Steve Jin,
VMware R&D
This
entry was reposted from DoubleCloud.org, a
blog for architects and developers on virtualization and cloud computing.
IBM
recently announced its re-organization around its
software and hardware business units. The previously separate business units
were merged together as one – the Systems and Software Group led by the former
software chief Steve Mills.
You may
recall that IBM did not have a dedicated software group until Lou Gerstner
created one 15 years ago to centralize all the software businesses into one
business unit. This unit has been IBM’s most profitable business.

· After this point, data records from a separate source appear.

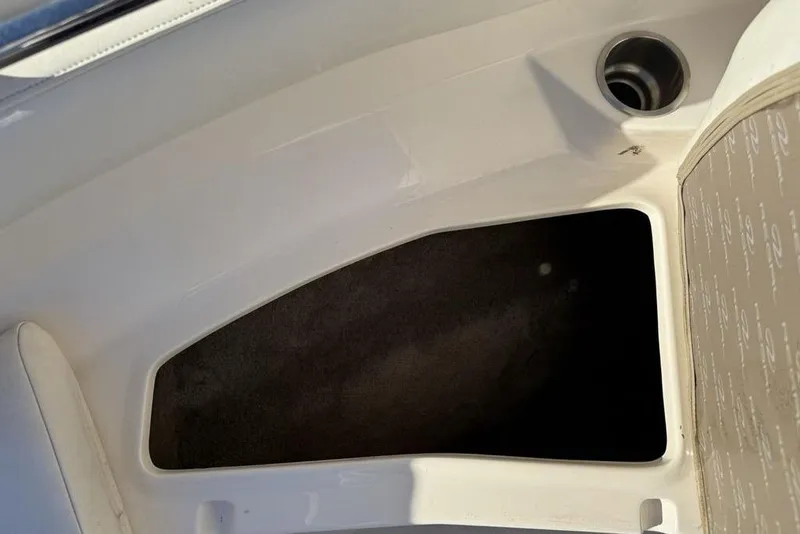 Slide: The Image of Storage compartment in a 2006 Regal 2000 boat, featuring a sleek white interior. - 7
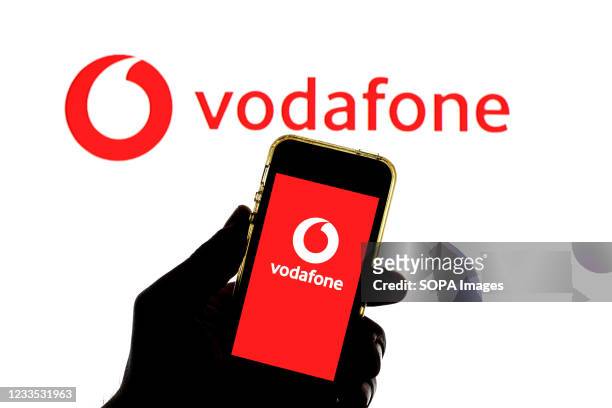 In this photo illustration a Vodafone logo seen displayed on a smartphone with a Vodafone logo in the background.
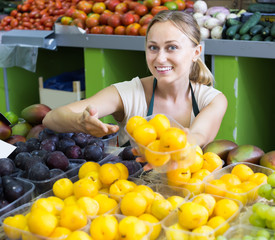 Obraz premium Portrait of friendly woman selling ripe fresh plums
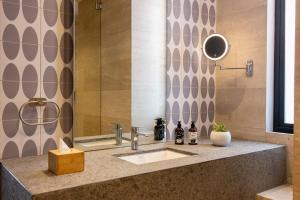 a bathroom with a sink and a mirror at INNSiDE by Meliá Mexico Roma Norte in Mexico City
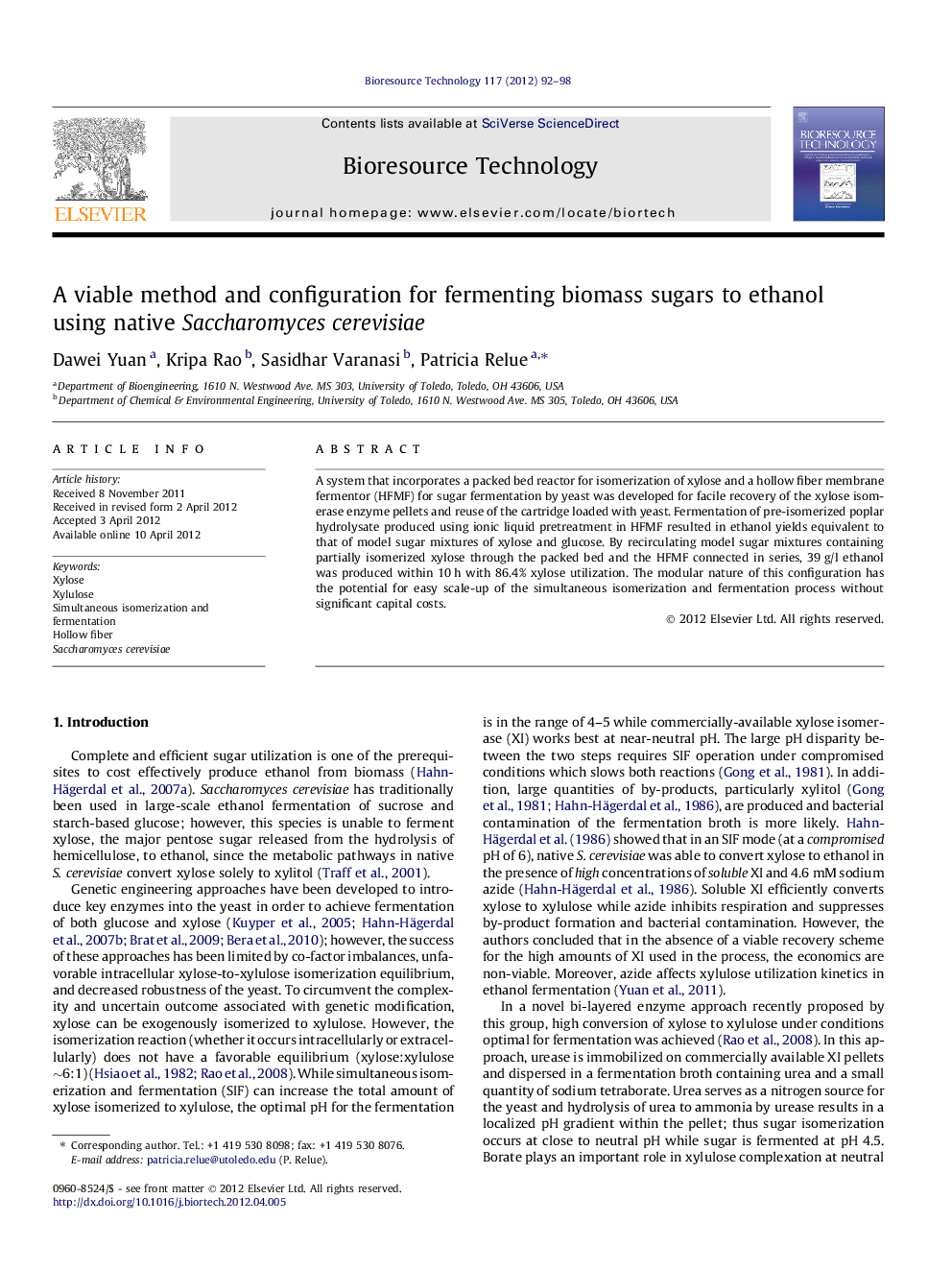 A viable method and configuration for fermenting biomass sugars to ethanol using native Saccharomyces cerevisiae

Before that,
IBM offered all the software as add-ons to the systems like 390 and AS/400.
Now can we
expect IBM to offer hardware systems as add-ons to their software solutions?
Although
companies constantly re-organize to streamline their business execution, this
reorganization did indicate a big trend is happening in the IT industry.
Computer vendors are striving to own vertically-complete stacks: from hardware
all the way up to business applications.
IBM is not
alone in this trend. Oracle acquired Sun Microsystems for its SPARC servers,
Solaris OS, Java, MySQL database, and even tape storage. Together with its
database and business applications acquired from PeopleSoft, Seibel, and many
other acquisitions, Oracle is now yet another “IBM” that controls vertically
complete stacks. We can expect more IBM-like business model clones emerging in
the coming years.
Is this
trend good for customers?
Openness
vs. User Experience
Openness
means choice and flexibility and often lower initial cost. But it can also mean
sleepless nights to put different IT components together. When there is an
issue with your application/solution, whom do you call? Your hardware vendor,
OS vendor, middleware vendors, application vendors, or systems integrator? It’s
hard to pinpoint anyone on the list. This is a pain for the customers.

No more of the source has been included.